Subiaco Academy (Subiaco,AR) www.subiacoacademy.us
Subiaco Academy is an all-boys (grades 7-12) college preparatory residential and day school founded in 1887. The school is an educational apostolate of the Benedictine monks at Subiaco Abbey located against the foothills of the Ouachita Mountains in the Arkansas River Valley.

“The Academy strives to instill in its students the spirit of St. Benedict expressed in his Rule: a respect for the value of work, development of personal talents to serve others, a sense of peace and fraternity, self-discipline, trust, and an appreciation of the Christ-centered nature of monastic communities. Subiaco provides an engaging and supportive environment that is academically well-rounded, structured, and challenging.”

Two Coeducational Schools

St. Bernard Preparatory School (Cullman, AL), www.stbernardprep.com
St. Bernard Prep is a co-ed Catholic boarding and day school for grades 7-12 operated by the Benedictine monks of St. Bernard Abbey.

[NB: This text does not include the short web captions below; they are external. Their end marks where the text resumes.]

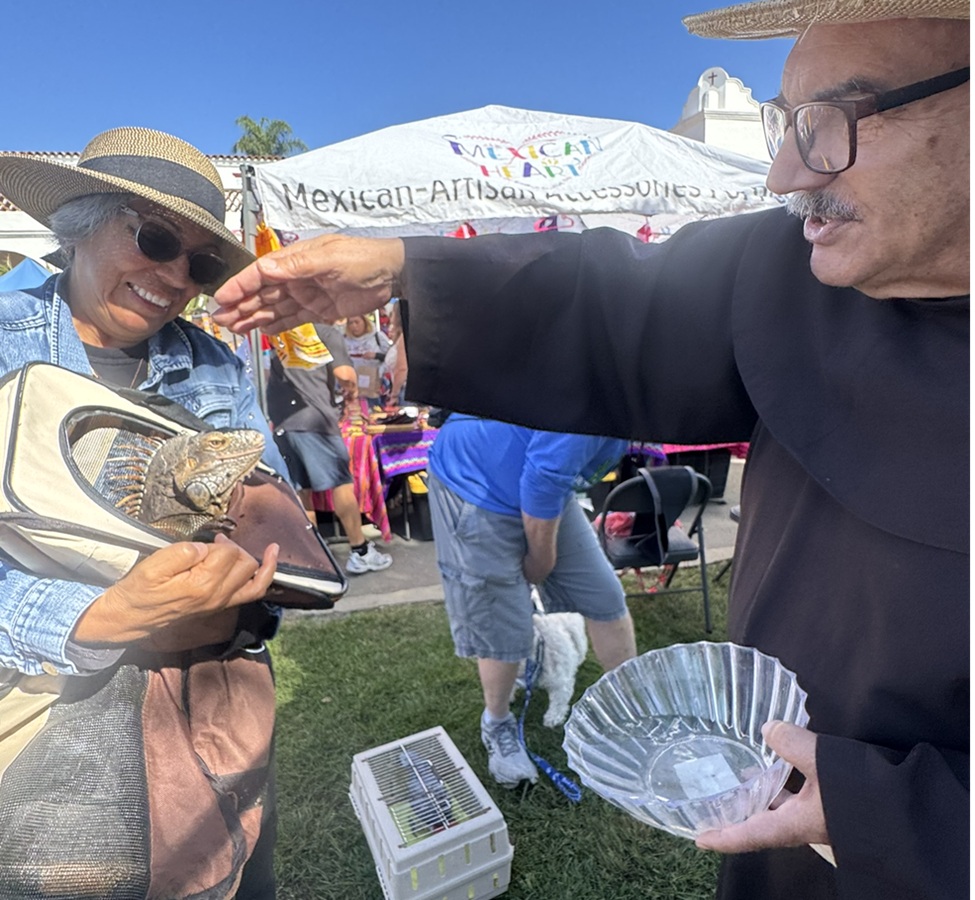 The Blessing of the Animals - Mission San Luis Rey 10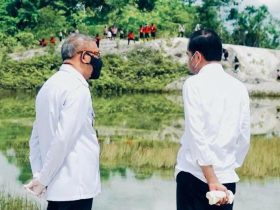 Rp 400 Miliar Lebih untuk Jembatan Sungai Sambas Besar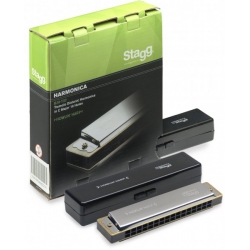 STAGG TREMOLO 16COMPRTMT,32TONES,"C"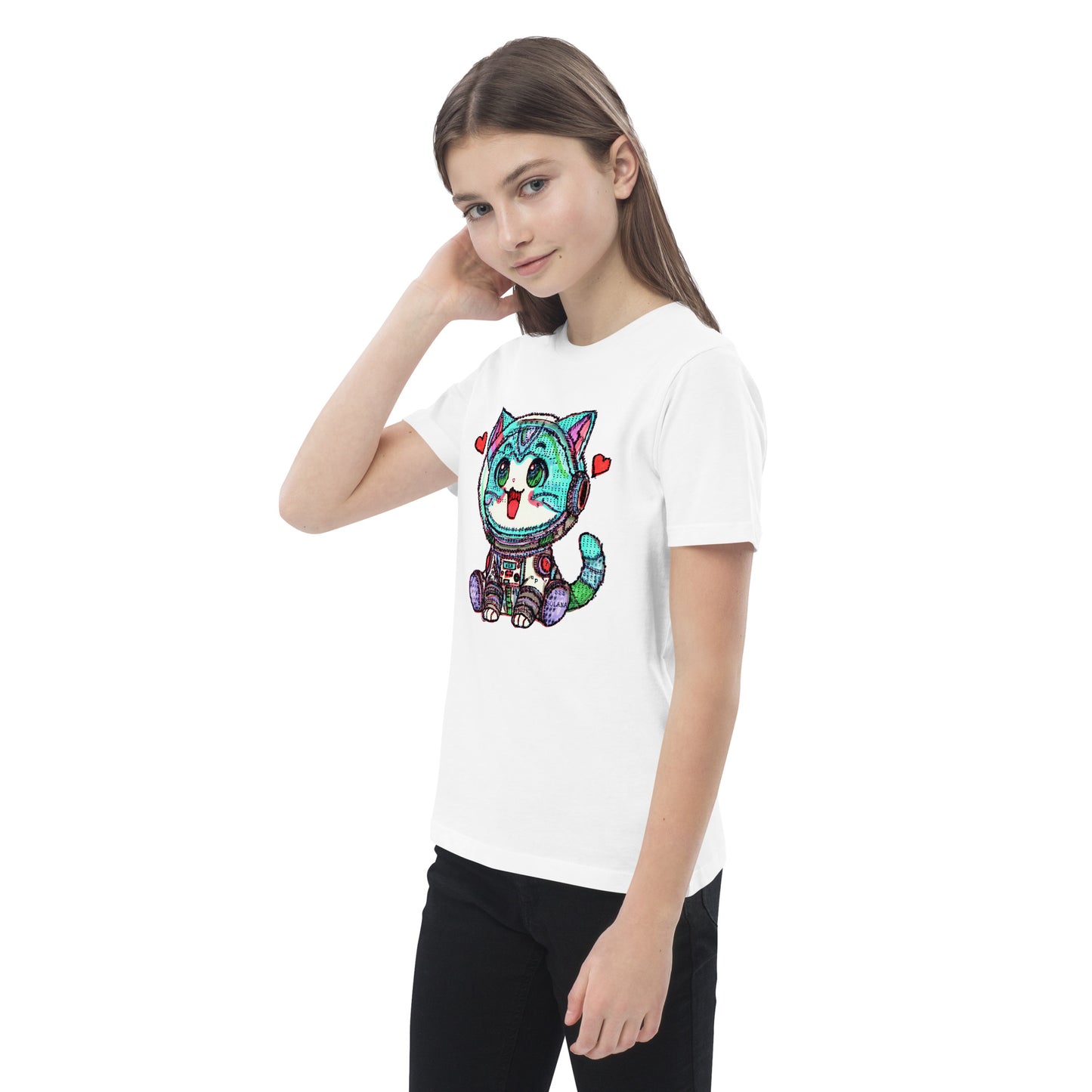 Wen Cat - Premium Organic cotton kids t-shirt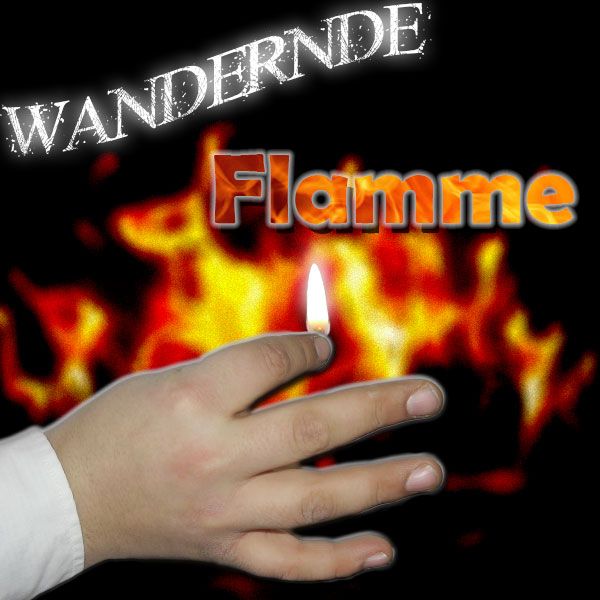 Wandernde Flammen - Traveling Flame Zaubertrick Bühne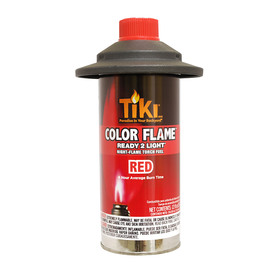 UPC 086861121740 product image for TIKI 12-oz Red Citronella Torch Refill | upcitemdb.com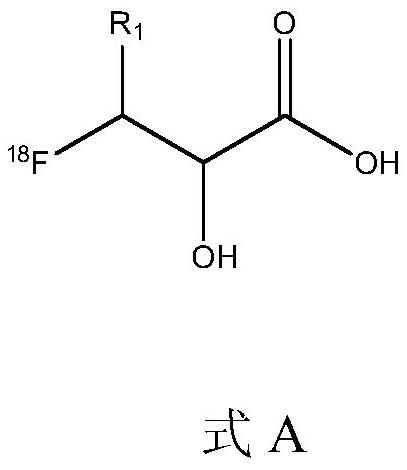 A 3-  <sup>18</sup> f-Fluorolactic acid analogue and its preparation method and application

I’m most fond of St. Bernard’s Prep’s stated Goals that move beyond a classroom setting. Here’s a paraphrased sampling:

The  instillation of “a solid background in Christian teaching and practice and in the rights and responsibilities of being members of Christ’s Body the Church, of American society, and of the global community.

To exemplify the Benedictine tradition of daily prayer and work.

To provide experiences by which students may explore, understand, appreciate, and develop tolerance for racial, cultural, and socioeconomic differences.

To help students establish patterns of lifelong spiritual, emotional, mental, and physical health.

To present in a positive and healthy way, life-coping skills which address realistic questions, challenges, and problems that young people must encounter in our rapidly changing society.

To encourage students to investigate career possibilities that a higher education may offer them.

To expose students to aesthetic qualities through music, art, literature and other contemplative and creative media.

Houghton Academy (Houghton, NY) www.houghtonacademy.org
Houghton Academy is a Christian, college-prep boarding and day school enrolling students in grades 6 – 12.

Headmaster Stockin is fond of describing our program as having a three-fold emphasis on head, heart and hands. We seek to supply core knowledge, allow knowledge to be informed by faith, and then encourage students to put their knowledge and faith into action. To that end, we offer more than academic coursework. We encourage our students to get involved in sports or music or drama or art or publishing as we believe that good education should encompass more than just books and information.

…When all is said and done, students should not learn merely for the sake of learning. Education should, inevitably, result in action…

…We seek to help our students recognize that day-to-day living offers many opportunities to serve and assist others. From the simple act of picking up a piece of paper off the floor to the intense moments spent volunteering in a nursing home, we strive to teach and model a lifestyle that is enthusiastically others-centered.